Saturday, November 5, 2016

Calculator Games

Last year over Tvacation, my nephew was grounded from his XBox. I broke out my girl's TI 84-Plus CSE calculator and learned TI Calculator BASIC. Reminded me of my Tandy PC-4 pocket computer that I programmed in BASIC to multiply matrices (Algebra II homework). I wrote four games worth mentioning:

  1. BOUNCE - a single player Pong/Breakout type game
  2. INVADERS - a Space Invaders variant
  3. SCROLL - a driving game (it scrolls vertically, thus the name)
  4. SNAKE - eat Pi's to grow, but don't run into yourself
The BASIC listings and upload files are over on GitHub. I guess the old adage "any port in a storm" goes without saying - the nephew ate these up for lack of his fancy 3D FPS. 

Here's a game play video of all four programs.


Notes

Bounce

The BOUNCE game is pretty basic. The ball only moves at 45 degree angles, and the angle is determined by where it is bounced off the paddle. Thus, it's possible to get it in an infinite loop and to rack up the score.

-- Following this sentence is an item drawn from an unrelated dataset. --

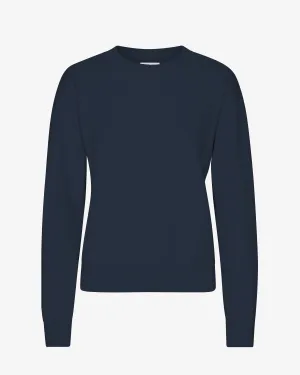 Women Classic Organic Crew - Navy Blue
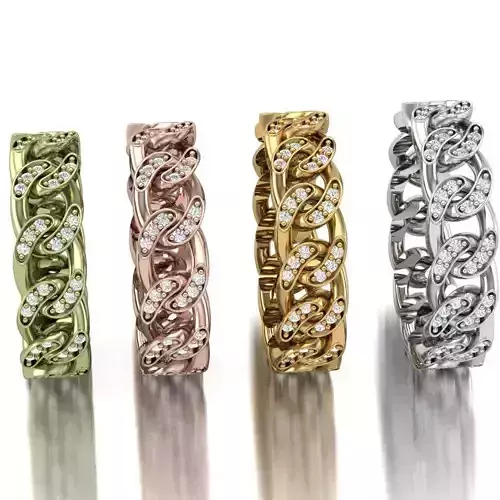 Cuban Ring With Stone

The primary reason to write this game was training in TI Calculator BASIC.

Invaders

This is a fun one - a single row of space aliens animated by alternating "M" and "W" characters. There's no way in BASIC to look at the screen memory, so I had to keep track of the aliens in an array.

Scroll

Unimaginative name. I wrote the beginnings of a game like this in 6th grade on an Atari 400, but didn't understand enough to add the car logic. In this version, it took a little experimentation, but decided to only do collision detection on the nose of the car. Again, I had to keep track of the location of the track in an array. TI Calculator BASIC has list data types convenient for that.

Snake

The list datatype was extremely important for this game. In fact, I think it made it easy to program because the list length can grow just as the snake grows. There are two lists used to keep track of the row and column locations of each segment of the snake. When the snake head eats a PI symbol, one segment is added to the snake. Without lists, one would need to preallocate arrays and keep track of the tail. Maybe not that big of a deal, but there's a certain elegance in the TI Calculator BASIC solution.